# What is required
All records are to be reproduced verbatim, with images omitted.

*** Opening of Given records ***

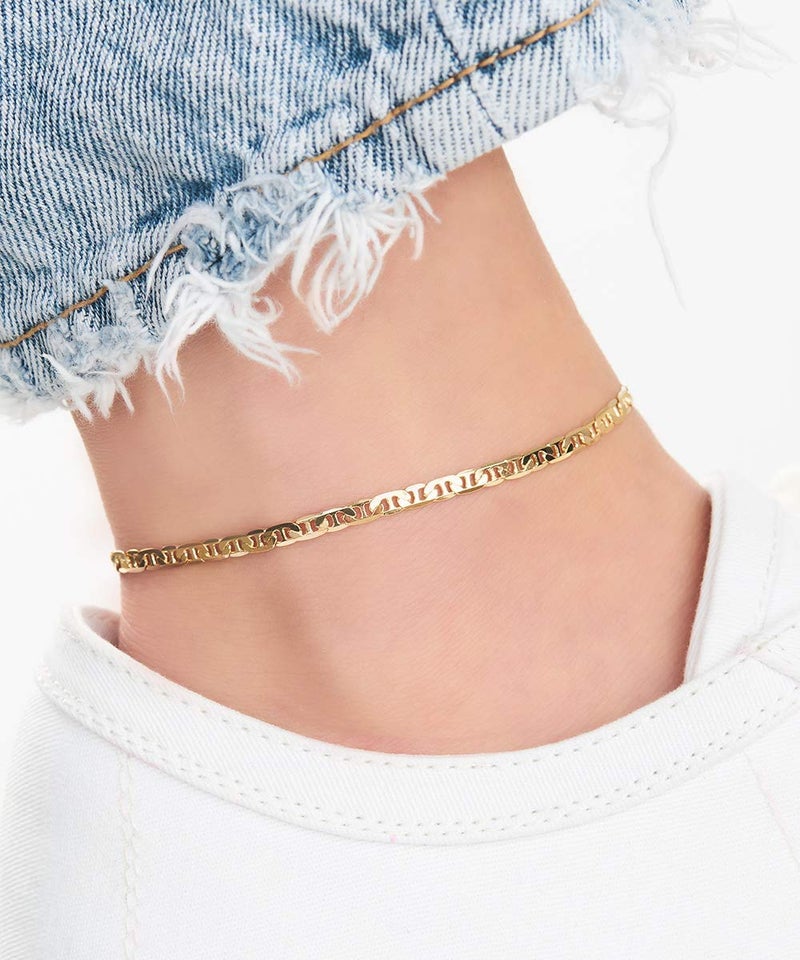 Barzel 18K Gold Plated Flat Marina Link Anklet for Women - Made In Brazil (9.00) - Image 2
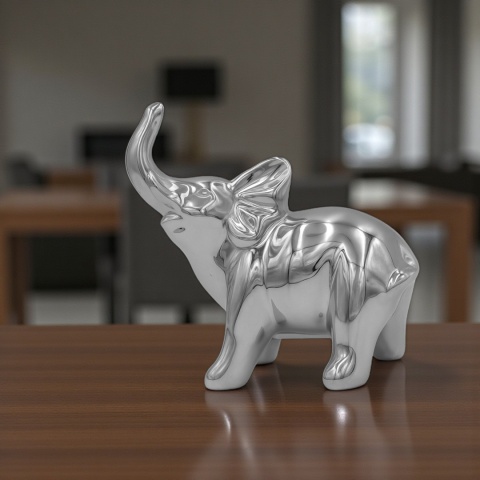 Figurka ceramiczna SŁOŃ słonik na szczęście srebrny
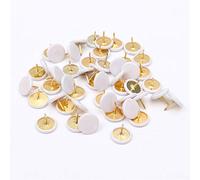 POWERTOOL Lot de 100 punaises avec têtes en plastique et pointes en acier pour tableau en liège, tableau d'affichage, carte de bureau (blanc, 10 x 10 mm)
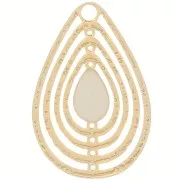 18x12mm Openwork charm with epoxy resin - Gold Tone - Cream x1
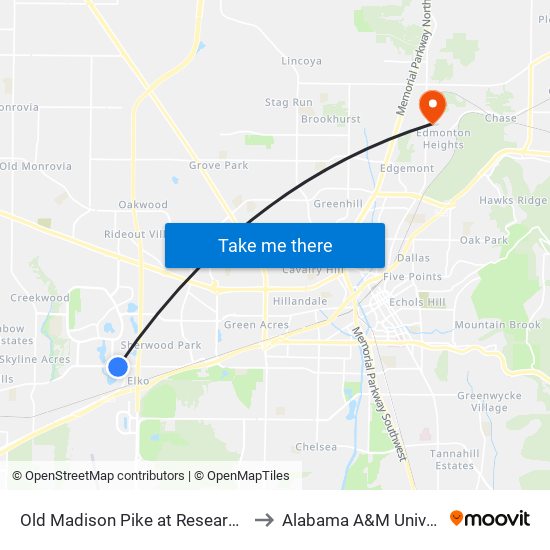 Old Madison Pike at Research Park to Alabama A&M University map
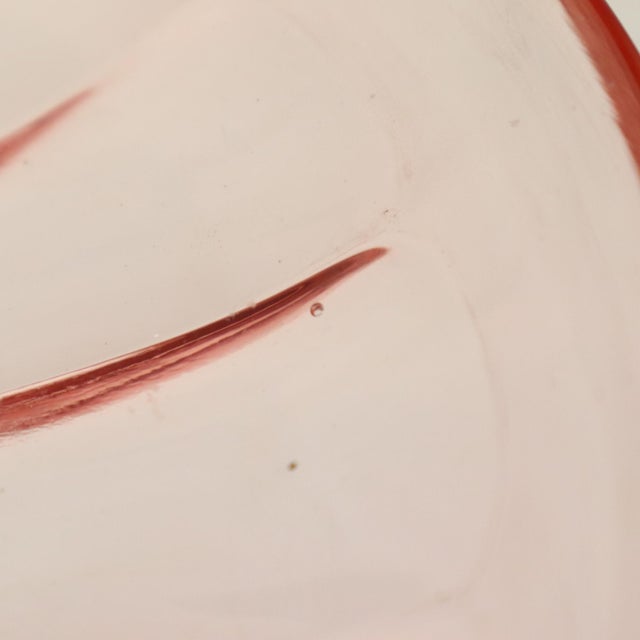 Art Deco Pink Tall Fruit Bowl in Glass, 1930s For Sale - Image 9 of 18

*** Close of Given records ***

# Response below
 Barzel 18K Gold Plated Flat Marina Link Anklet for Women - Made In Brazil (9.00) - Image 2
 Figurka ceramiczna SŁOŃ słonik na szczęście srebrny
 POWERTOOL Lot de 100 punaises avec têtes en plastique et pointes en acier pour tableau en liège, tableau d'affichage, carte de bureau (blanc, 10 x 10 mm)
 18x12mm Openwork charm with epoxy resin - Gold Tone - Cream x1
 Old Madison Pike at Research Park to Alabama A&M University map
 Art Deco Pink Tall Fruit Bowl in Glass, 1930s For Sale - Image 9 of 18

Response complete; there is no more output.